基源:Pheretima aspergillum Perrier 又はその他近縁動物(フトミミズ科 Megascolecidae)の全体を乾燥したもの

 ミミズを乾燥したものは生薬名を「地龍」と称し,古来,解熱薬としてよく利用されてきました。「ミミズ」は環形動物門貧毛綱に属する動物の総称で,世界各地に分布しています。体は円筒形で細長く,前方に口,後方に肛門が開き,ほぼ同じ大きさの100〜200の環節からなっています。体長は10cm内外のものが多いのですが,中には1mmにもみたないものから,1m近くになる巨大なものまで存在します。生薬「地龍」としては,フトミミズ科のPheretima属動物が用いられ,中国産は内臓を取り除いた扁平なヒモ状で,日本産は内臓を取らずにそのまま棒状に乾燥されています。

 生薬としてのミミズは,『神農本草経』の下品に「白頚蚯蚓(はっけいきゅういん)」の名称で収載され,その後の『図経本草』に「地龍」の名称が初見されます。『本草綱目』には「蚯蚓」の名で収載され,主治として「傷寒,瘧疾の大熱狂煩,大人,小児の小便不通,急性,慢性の驚風,歴節風痛,腎臓風注,頭風の歯痛,風熱赤眼,木舌,喉痺,鼻瘜,聤耳(耳だれ),禿瘡,瘰癧,卵腫,脱肛に主効があり,蜘蛛の毒を解し,蚰蜒が耳に入ったのを治療する」と記されています。また,歴代本草書中には,ミミズの糞も薬として用いることが記されており,『本草綱目』には「蚯蚓泥」として収載されています。

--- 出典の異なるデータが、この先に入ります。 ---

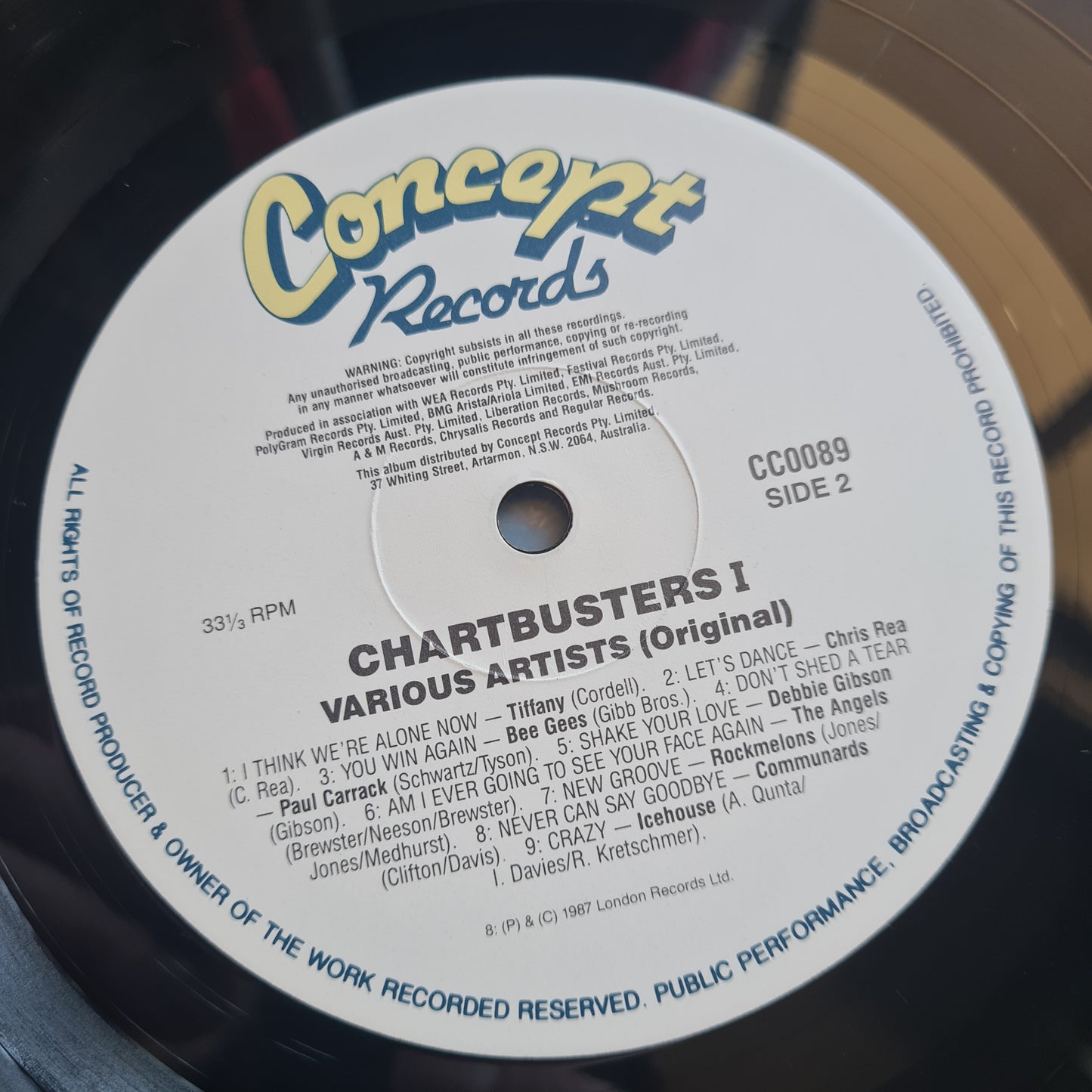 Various Artists/Hits album - Chart Busters 1 - 1988 - Vinyl Record LP (AUSTRALIAN ONLY PRESSING)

 「地龍」の修治について,李時珍は「薬に入れるには,末にすることもあり,水に化することもあり,灰に焼くこともあって,それぞれ対症上適宜の方法にしたがう」と述べています。現在では一般的に乾燥したものを刻んだり細末にしたりして用いています。「水に化す」という記載は歴代本草書中にもあり,陳蔵器は「泥を去って塩で水に化したものは,天行諸熱,小児の熱病,癲癇に主効がある」と述べ,蘇恭は「葱で化して水にしたものは耳聾を治療する」と述べています。また,『本草綱目』中の「附方」にも歯痛や咽喉の腫れに塩で水に化したものを用いる方法や,耳だれや蜘蛛に刺された時に葱の葉の中に入れて水に化したものを用いることが記されています。「水に化す」とは,恐らく生きたミミズに刺激を与えて出てきた体液などを利用することを指していると思われ,珍しい利用方法です。

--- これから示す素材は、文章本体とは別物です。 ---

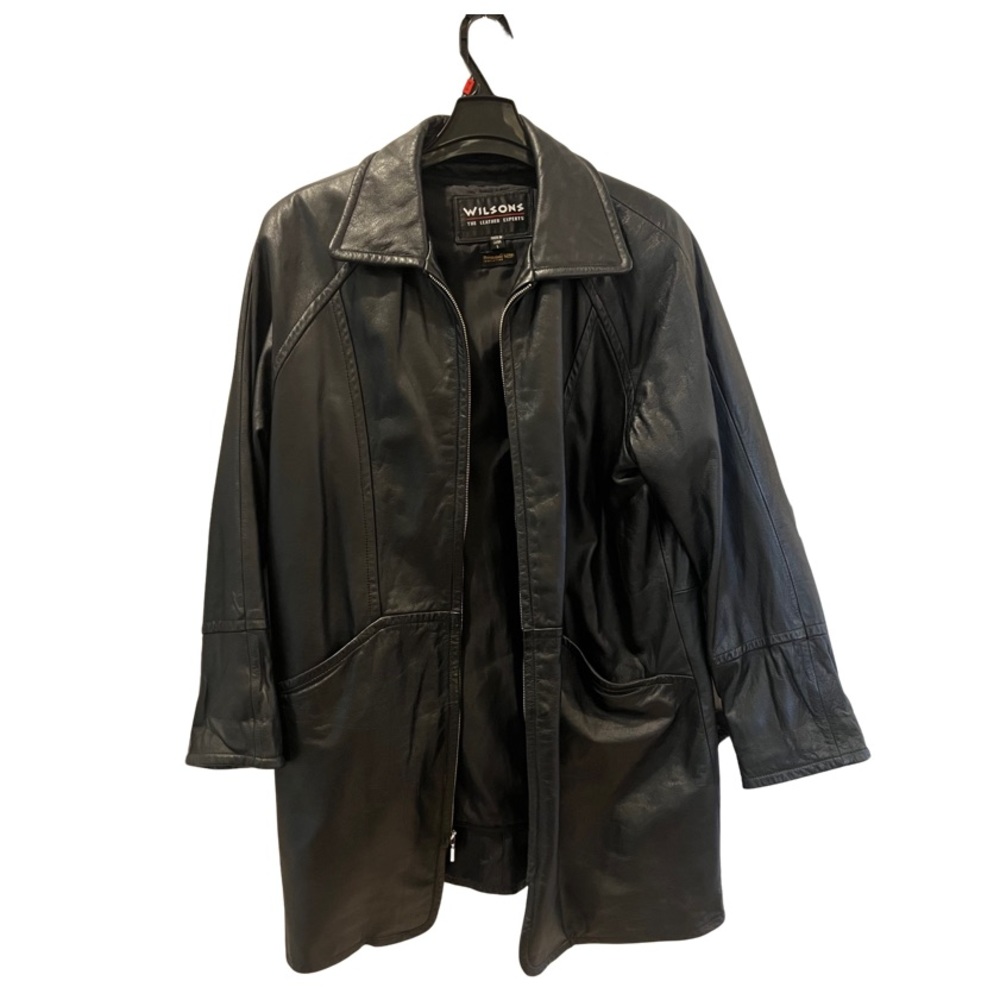 Vintage Wilsons Leather Short Trench Black Jacket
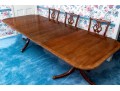 Twin Pedestal Banded Mahogany Extension Dining Table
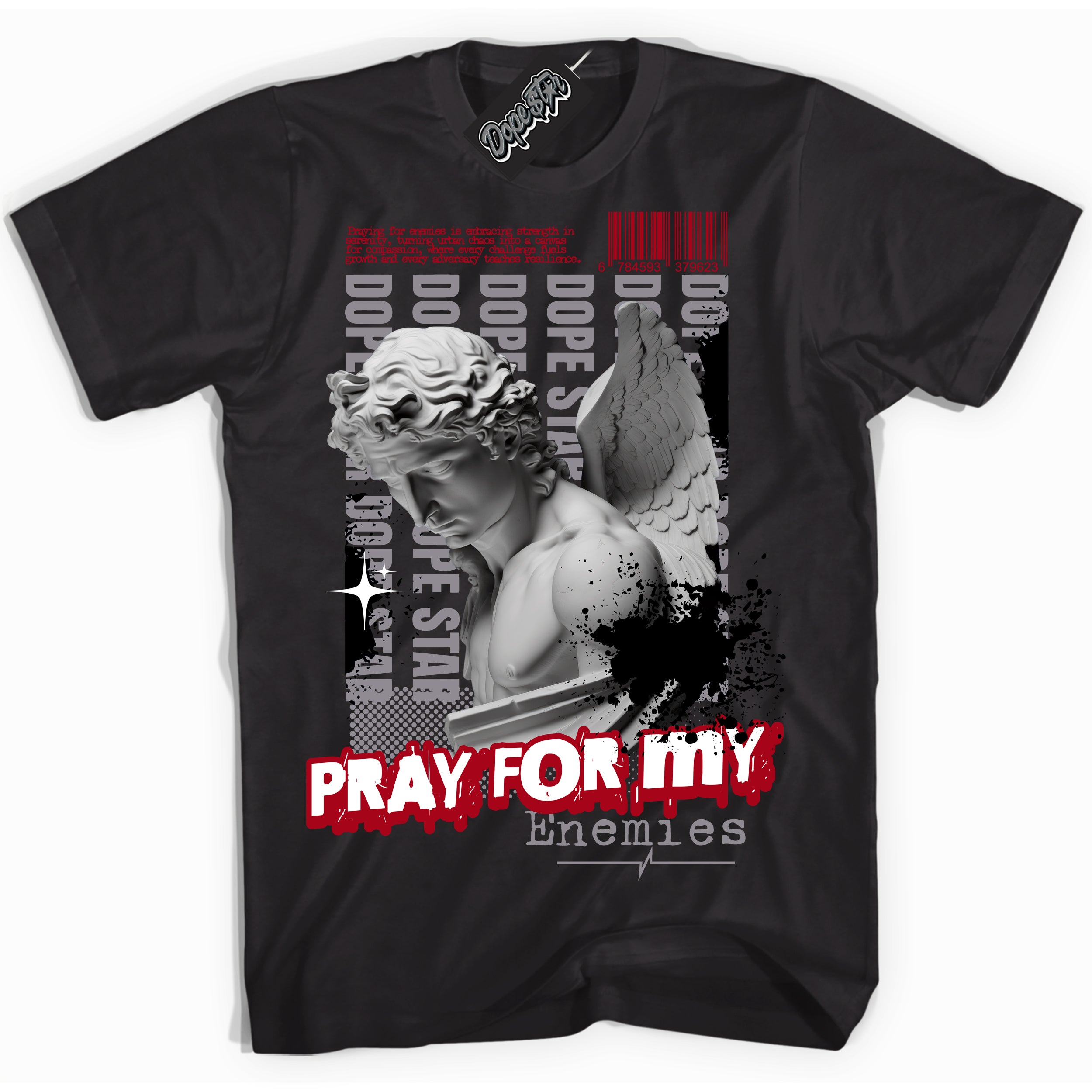 Cool Black Shirt with “ Pray Enemies” design that perfectly matches Bred Shadow 1s Sneakers.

 一方,日本では,ミミズは主に民間薬として用いられてきました。『日本の民間療法』によれば,熱さましにミミズを生のままあるいは干したものを煎じて飲む,尿のつまりにミミズをよくついて冷水に浸して飲む,小児のひきつけに干したミミズを煎じて飲む,喘息にミミズと馬の爪と南天の葉を一緒に煎じて飲む,百日咳にミミズを煎じて飲む,下痢にミミズを煎じて飲む,歯痛にミミズを紙に巻いて棒状として噛む,イボ痔にミミズを髪と共に弱火で煮て油で練ってつける,耳の病気に耳にミミズを挟む,などの方法が記載されています。これらの療法の中で,ミミズを解熱に利用する方法に関しては,日本の北から南まで33の都道府県で記録されており,この知識がほぼ日本全国に広まっていたことがわかります。このことは,ミミズが全国的に人々の生活域の中に豊富に棲息していて入手しやすく,かつ優れた解熱剤として高く評価されていたことの表れだと思われます。

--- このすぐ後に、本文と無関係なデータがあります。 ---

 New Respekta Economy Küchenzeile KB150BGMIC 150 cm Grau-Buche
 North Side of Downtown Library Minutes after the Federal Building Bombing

 ミミズは落ち葉や腐りかけた有機物を餌とし,糞として地上に排泄します。この行為により土地は耕され,ミミズが作る孔道は土壌内への空気の流通を良くするとともに,水の浸入を容易にさせます。その結果,植物は根を張りやすくなり,生育促進へとつながります。また,ミミズが摂取する食物中には相当量の酸が含まれますが,腸内を通過するときにミミズ特有の器官である石灰腺の働きで中性近くに変化させることも土壌改良に役立ちます。このようなミミズの有用性をはじめて紹介したのは,『種の起源』を著し進化論を提唱したダーウィンです。ダーウィンは約40年間にわたりミミズの生態を観察し,食べた土壌を糞塊として地表に排出する土壌耕耘を行っていることを報告しています。昨今は食用として養殖もされています。余り気持ちのよい動物ではありませんが,こうして見ると,地球上には無駄なものが何一つないのではないかと考えさせられます。